**WORK INSTRUCTION**
Please find all lines in the data that hold the string "beige" and copy them.

**SUPPLIED DATA**
= = = = =
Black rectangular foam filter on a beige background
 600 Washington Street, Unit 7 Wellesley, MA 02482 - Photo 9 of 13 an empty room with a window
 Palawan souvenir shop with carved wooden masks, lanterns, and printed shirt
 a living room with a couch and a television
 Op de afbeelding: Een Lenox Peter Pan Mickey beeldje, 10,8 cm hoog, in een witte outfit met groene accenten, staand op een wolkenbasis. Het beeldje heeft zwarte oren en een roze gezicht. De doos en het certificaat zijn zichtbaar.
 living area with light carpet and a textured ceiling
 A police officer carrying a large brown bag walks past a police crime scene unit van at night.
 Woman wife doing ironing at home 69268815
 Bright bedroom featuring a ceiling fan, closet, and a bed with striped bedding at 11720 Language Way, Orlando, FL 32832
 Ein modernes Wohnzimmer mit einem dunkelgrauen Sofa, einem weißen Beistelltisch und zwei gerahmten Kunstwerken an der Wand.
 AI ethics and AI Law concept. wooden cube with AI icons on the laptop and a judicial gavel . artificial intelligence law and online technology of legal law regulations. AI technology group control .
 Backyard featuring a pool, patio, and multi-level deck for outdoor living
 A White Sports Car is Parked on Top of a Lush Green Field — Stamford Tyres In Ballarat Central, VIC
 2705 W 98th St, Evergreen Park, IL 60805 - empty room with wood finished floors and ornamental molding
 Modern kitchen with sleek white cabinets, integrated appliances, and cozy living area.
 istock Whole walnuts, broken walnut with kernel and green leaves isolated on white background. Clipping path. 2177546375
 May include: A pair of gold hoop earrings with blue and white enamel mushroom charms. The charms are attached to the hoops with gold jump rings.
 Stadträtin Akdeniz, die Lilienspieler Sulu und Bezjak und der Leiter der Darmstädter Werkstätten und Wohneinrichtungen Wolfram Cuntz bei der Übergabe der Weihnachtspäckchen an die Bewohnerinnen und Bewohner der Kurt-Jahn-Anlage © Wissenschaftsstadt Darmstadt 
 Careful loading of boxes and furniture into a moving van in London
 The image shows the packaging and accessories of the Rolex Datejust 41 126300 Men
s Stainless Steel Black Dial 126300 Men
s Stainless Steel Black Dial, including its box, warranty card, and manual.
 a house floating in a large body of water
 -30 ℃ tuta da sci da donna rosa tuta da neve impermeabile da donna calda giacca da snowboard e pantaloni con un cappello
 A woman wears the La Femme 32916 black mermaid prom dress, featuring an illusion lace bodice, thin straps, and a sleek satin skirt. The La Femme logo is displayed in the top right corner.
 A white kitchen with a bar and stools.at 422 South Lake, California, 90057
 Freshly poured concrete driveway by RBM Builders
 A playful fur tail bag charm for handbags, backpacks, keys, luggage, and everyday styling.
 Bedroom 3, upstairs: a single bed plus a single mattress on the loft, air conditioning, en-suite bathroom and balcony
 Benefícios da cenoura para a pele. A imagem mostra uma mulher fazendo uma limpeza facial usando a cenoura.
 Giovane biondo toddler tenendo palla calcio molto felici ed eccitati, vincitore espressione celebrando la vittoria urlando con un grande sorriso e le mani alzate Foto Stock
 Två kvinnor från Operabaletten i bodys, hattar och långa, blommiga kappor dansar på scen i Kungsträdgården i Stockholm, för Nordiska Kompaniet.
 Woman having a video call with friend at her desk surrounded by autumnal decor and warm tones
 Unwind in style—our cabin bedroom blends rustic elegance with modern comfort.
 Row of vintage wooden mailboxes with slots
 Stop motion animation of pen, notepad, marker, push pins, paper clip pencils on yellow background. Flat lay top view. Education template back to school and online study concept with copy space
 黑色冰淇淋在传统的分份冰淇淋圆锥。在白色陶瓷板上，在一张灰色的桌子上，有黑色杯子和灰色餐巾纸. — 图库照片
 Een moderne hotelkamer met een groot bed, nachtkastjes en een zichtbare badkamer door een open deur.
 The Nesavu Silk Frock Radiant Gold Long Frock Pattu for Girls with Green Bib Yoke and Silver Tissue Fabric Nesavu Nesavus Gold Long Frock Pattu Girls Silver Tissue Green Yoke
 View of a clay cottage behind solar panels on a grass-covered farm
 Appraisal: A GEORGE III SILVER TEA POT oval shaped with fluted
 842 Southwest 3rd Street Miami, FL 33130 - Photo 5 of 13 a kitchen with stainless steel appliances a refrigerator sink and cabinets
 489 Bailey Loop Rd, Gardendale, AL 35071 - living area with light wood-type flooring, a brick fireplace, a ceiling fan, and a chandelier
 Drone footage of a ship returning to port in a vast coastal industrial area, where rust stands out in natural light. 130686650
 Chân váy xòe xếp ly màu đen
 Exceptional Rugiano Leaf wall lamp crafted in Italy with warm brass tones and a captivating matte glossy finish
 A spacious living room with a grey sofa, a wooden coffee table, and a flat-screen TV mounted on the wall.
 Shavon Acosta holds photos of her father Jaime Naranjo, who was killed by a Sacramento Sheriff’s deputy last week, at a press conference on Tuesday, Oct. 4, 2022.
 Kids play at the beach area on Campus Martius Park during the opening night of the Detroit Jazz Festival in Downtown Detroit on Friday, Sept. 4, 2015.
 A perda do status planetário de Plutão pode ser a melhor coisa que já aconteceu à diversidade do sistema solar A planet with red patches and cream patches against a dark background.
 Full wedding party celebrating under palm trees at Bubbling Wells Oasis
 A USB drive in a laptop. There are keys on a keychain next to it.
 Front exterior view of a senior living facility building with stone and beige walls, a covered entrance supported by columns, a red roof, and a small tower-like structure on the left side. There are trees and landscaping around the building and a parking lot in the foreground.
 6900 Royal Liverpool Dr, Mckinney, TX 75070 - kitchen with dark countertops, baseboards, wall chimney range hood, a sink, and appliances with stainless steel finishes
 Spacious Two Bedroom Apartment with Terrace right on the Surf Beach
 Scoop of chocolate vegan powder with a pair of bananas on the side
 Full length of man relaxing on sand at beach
= = = = =
**WRITTEN RESPONSE**
Black rectangular foam filter on a beige background
 Front exterior view of a senior living facility building with stone and beige walls, a covered entrance supported by columns, a red roof, and a small tower-like structure on the left side. There are trees and landscaping around the building and a parking lot in the foreground.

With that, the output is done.